▶ Your assignment
Pictures are to be left out, and only the lines below starting at the one with "Renault Fluence villanyverda." and ending at the one with "На Закарпатті очікується" are to be reproduced, each exactly, both ends included.

▶ Records for the exercise
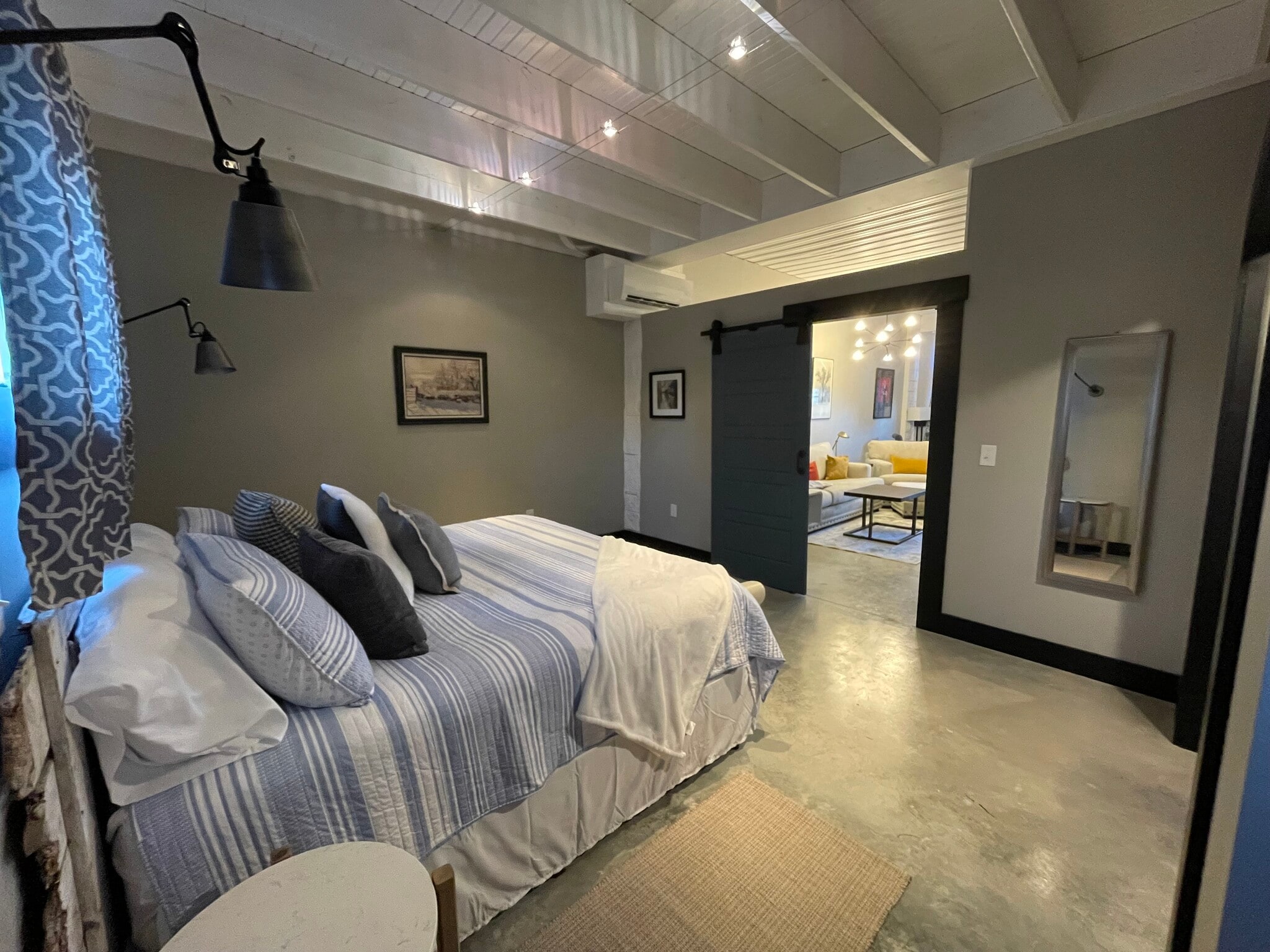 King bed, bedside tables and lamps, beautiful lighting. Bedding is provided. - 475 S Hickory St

...

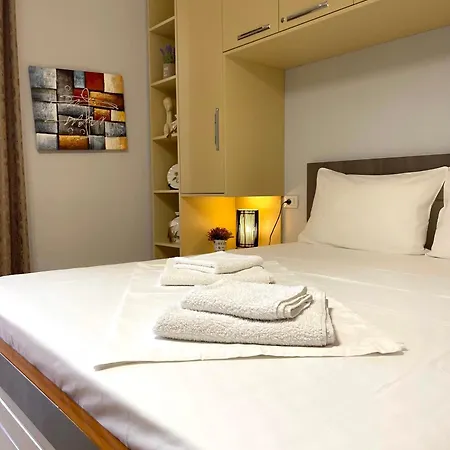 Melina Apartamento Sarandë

* * *

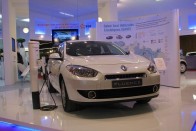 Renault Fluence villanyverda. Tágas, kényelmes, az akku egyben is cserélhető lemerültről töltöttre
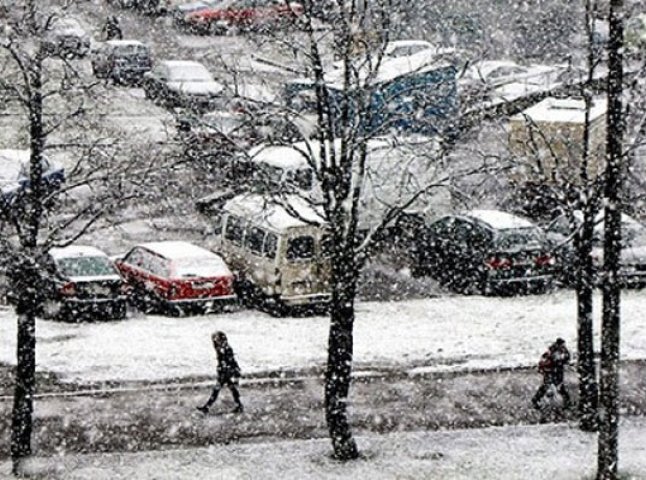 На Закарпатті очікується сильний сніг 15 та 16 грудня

▶ Response for this exercise
 Renault Fluence villanyverda. Tágas, kényelmes, az akku egyben is cserélhető lemerültről töltöttre
 На Закарпатті очікується сильний сніг 15 та 16 грудня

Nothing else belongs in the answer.